20.8. — 12.9.2021

Sasha Huber:
The Firsts – Edmonia Lewis

The Firsts – Edmonia Lewis video was made during an artist’s residency at the Museum of Contemporary Art in Rome as a durational performance. Edmonia Lewis (1844–1907) was a queer African-American-Haitian Ojibwa sculptress working with marble in the Neoclassical style. She preferred portraying people from the African diaspora and indigenous peoples. She was one of the first black women in Rome. She became an internationally noted artist, despite being fetishised and tokenised by the locals. Edmonia was born free in New York, but it wouldn’t have been possible for her to gain international recognition in the US because she would have been dependent on abolitionist patronage. She spent most of her adult life in Rome.

Huber got to know about Edmonia through her artist friend, the Canadian-French-Haitian and Paris-based musician and singer-songwriter Mélissa Laveaux who composed a song about Edmonia while in a residency in Rome. Her song is the soundtrack of the video.

The portrait is part of Sasha Huber’s ongoing portraiture series The Firsts which is dedicated to amplifying histories of the first persons from the African Diaspora to have migrated to various European countries in the 19th and 20th centuries. The Firsts researches historical and systemic racism and its debilitating effects on members of the contemporary African Diaspora, with a focus on women being underrepresented throughout history. The oppression directed at this community has hindered equitable societal and economic development, which is directly is linked to White supremacist thought and action. The Firsts suggest that this hindrance is the reason why today it can still be possible to be the ‘first black person’ to achieve specific goals across many fields of practice and countries.

Director: Sasha Huber
Photography: Petri Saarikko
Post production: Eetu Vihervaara
Music: Mélissa Laveaux

Sasha Huber (1975,  CH/FI) is a Helsinki-based, multidisciplinary visual artist-researcher of Swiss-Haitian heritage. Huber’s work is primarily concerned with the politics of memory and belonging, particularly in relation to colonial residue left in the environment. Sensitive to the subtle threads connecting history and the present, she uses and responds to archival material within a layered creative practice that encompasses performance-based interventions, video, photography, and collaborations. Huber is also claiming the compressed-air staple gun, aware of its symbolic significance as a weapon while offering the potential to renegotiate unequal power dynamics.
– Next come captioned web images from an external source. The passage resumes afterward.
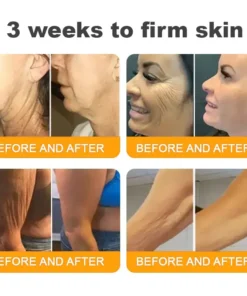 ZAMORAES™ Bee Poison2.0 Skin Restoration Cream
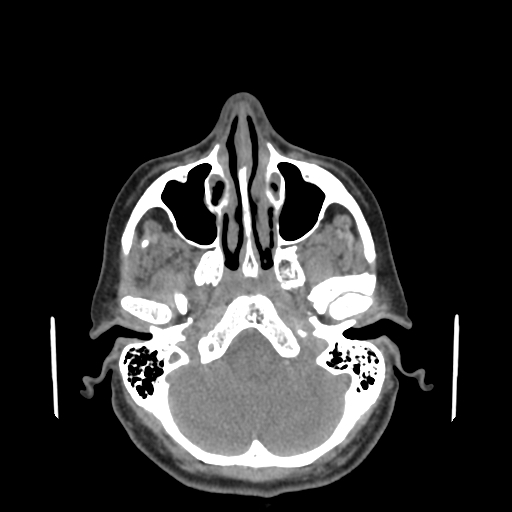 Bisphosphonate-related osteonecrosis of the jaw (Radiopaedia 71324-81642 non-contrast 149).jpg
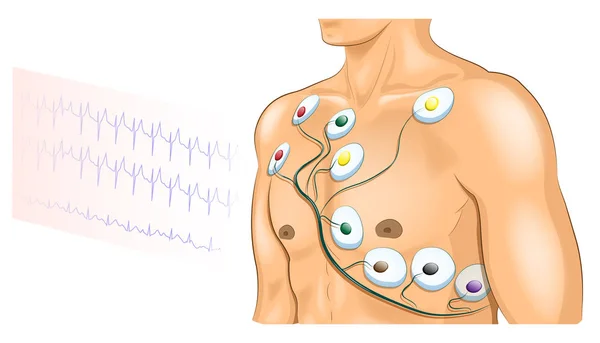 EKG-elektroder på bröstet av idrottaren — Stock vektor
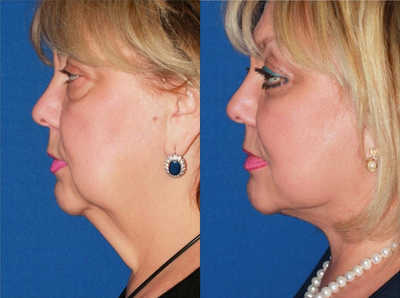 55-64 year old woman treated with Facelift - This patient presented with advanced signs of facial aging. There is extensive skin laxity in the neck, significant jowls, sagging cheeks and bags under the eyes. All of these changes makes the patient look somewhat older than her stated age. Facial rejuvenation procedure included deep plane facelift, platysmaplasty, and lower blepharoplasty. Significant facial rejuvenation was achieved by tightening up excessive skin of the neck, smoothing out prominent jowls and restoring a pleasing cheek contour and eyelid shape.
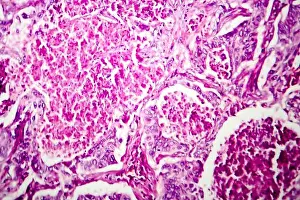 Pathology Prints: Lung adenocarcinoma, light micrograph, photo under microscope
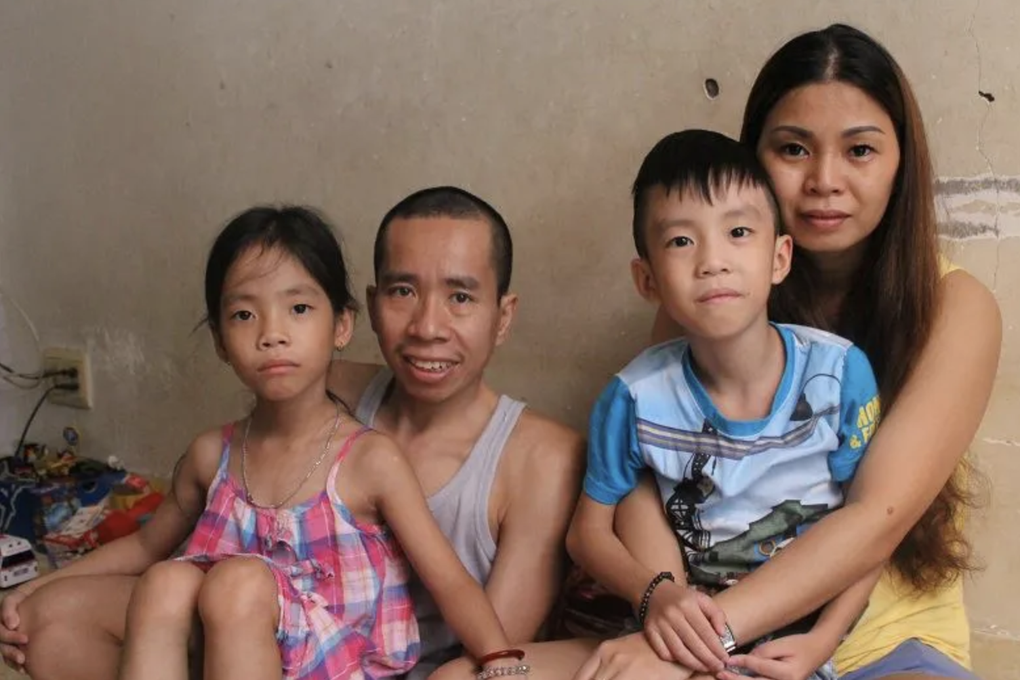 Người mổ tách song sinh Việt - Đức, bàn tay vàng ngành ngoại khoa qua đời - 2 Người mổ tách song sinh Việt - Đức, bàn tay vàng ngành ngoại khoa qua đời - 2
She holds an MA in visual culture from the Aalto University in Helsinki and is presently undertaking a practice-based PhD at the Zurich University of the Arts in artistic research. Huber has had solo exhibitions, joined short film festivals and residencies around the world, and participated in international exhibitions, including the 56th Venice Biennial in 2015. In 2021 Huber will start her first solo exhibition tour under the title You Name It. The tour begins at Kunstinstituut Melly in Rotterdam and continues to further institutions such as The Power Plant Contemporary Art Gallery in Toronto, Autograph in London, and Turku Art Museum in Finland. In 2018 Huber was the recipient of the State Art Award in the category visual arts given by the Arts Promotion Center Finland.